Facts. WF paid money that it owed to Independent Insurance by cheque which was then dishonoured. WF advised its bank, Lloyds, that a sum would be transferred into its account by CHAPS, and instructed that payment of the debt be made by CHAPS to Independent as soon as that sum arrived. No CHAPS payment arrived.

Instead WF paid three cheques into its account with Lloyds and instructed Lloyds to pay Independent "as soon as possible". The bank manager informed WF that payment could be made only after the cheques had cleared. Before the cheques cleared, two of the bank's employees made the CHAPS payment for the account of Independent in the mistaken belief that the cheques had cleared. A CHAPS transfer is an instantaneous electronic interbank transfer which is irrevocable between banks once made.

One of the cheques was subsequently dishonoured. Lloyds sought repayment of the funds from Independent. At first instance, the judge held that WF had not authorised the transfer and, since payment had been made under a mistake of fact, Lloyds was entitled to recover the money. Independent appealed.

The case turned on three issues:

  • Did Lloyds have actual authority to pay the sum to Independent, which authority would result in the application of the principles set out in the Barclays case?
  • If not, did Lloyds have ostensible authority?
  • If Lloyds had actual or ostensible authority did the Barclays case prevent it from succeeding on its claim for restitution.

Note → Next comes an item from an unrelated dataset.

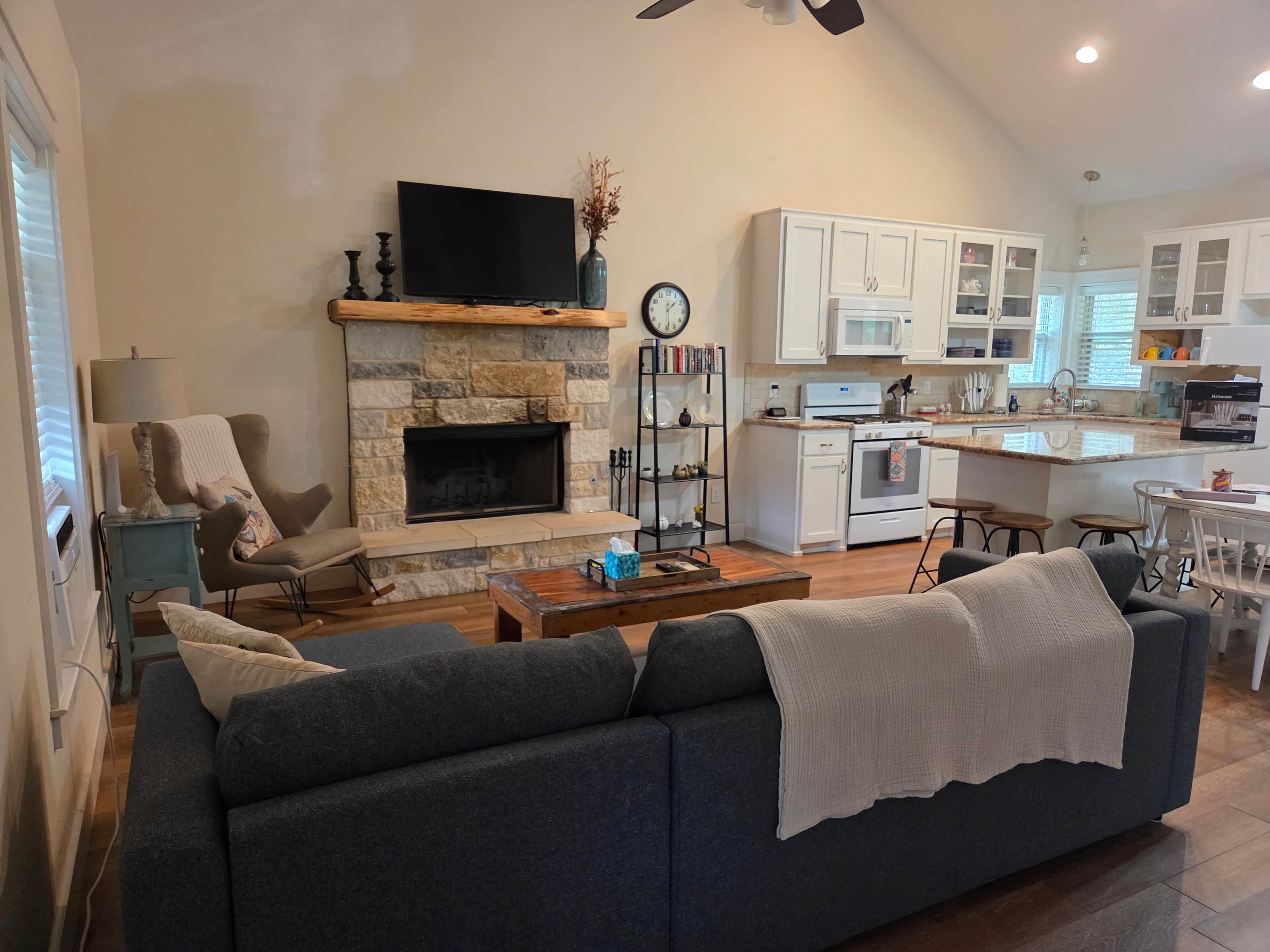 A modern living room with a stone fireplace, a flat-screen TV, a sofa, and a dining area with a kitchen in the background.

Decision. The court considered the Barclays case in which a distinction was made between a cheque paid in the mistaken belief that there were sufficient funds or overdraft facilities to meet the cheque as against payment where the bank had overlooked notice of countermand. In the first case, the effect of the bank's payment is to accept the implied request for overdraft facilities. The bank will not be permitted to recover the money from the payee but has a right of recourse to its customer. In the second case, where the bank has overlooked notice of countermand, the bank's payment will be without mandate. The bank will have no recourse to its customer and the debt of the customer to the payee on the cheque is not discharged. In principal, the bank is entitled to recover the money from the payee unless the payee has changed its position in good faith or is deemed in law to have done so.

Lord Justice Waller noted that WF's request was to make an electronic transfer, as opposed to drawing a cheque. The request to draw a cheque is unqualified. When considering requests to make instructions by electronic transfer it must be considered whether the request to transfer the money was qualified. Whether or not this was the case turned on the construction of the phrase "be made as soon as possible". Independent argued that this phrase implied a qualification to make payment only as soon as possible without exposing WF to the risk of an onward payment uncovered by uncleared inward funds. This was rejected by the appeal judges who concluded that the restriction on payment until the cheques had been cleared was imposed by Lloyds and was not a qualification imposed on the bank's authority by WF. As a consequence it was held that Lloyds was not acting outside its actual authority.

Having found actual authority, the question of ostensible authority did not arise.

It was suggested by Lloyds that the law of restitution had moved on since Barclays case and that Independent had been unjustly enriched by the payment made to it by Lloyds. Lloyds submitted that if Independent was entitled to retain the money it would have received a windfall at the expense of Lloyds. Lord Justice Peter Gibson referred to the recent House of Lords decision in Kleinwort Benson v Lincoln City Council (FirstSource, PLC, 1998, IX(11), 55) where Lord Hope concluded a payee cannot be said to have been unjustly enriched if he was entitled to receive the sum paid to him. The payer may have been mistaken as to the grounds on which the sum was due to the payee, but his mistake will not provide a ground for its recovery if the payee can show that he was entitled to it on some other ground.

The court held that Independent was entitled to receive the sum paid to it in discharge of the debt owed to it by WF.

Case: Lloyds Bank plc v Independent Insurance Company Limited, Court of Appeal, The Times, 3rd December, 1998 and New Law Publishing 298118602.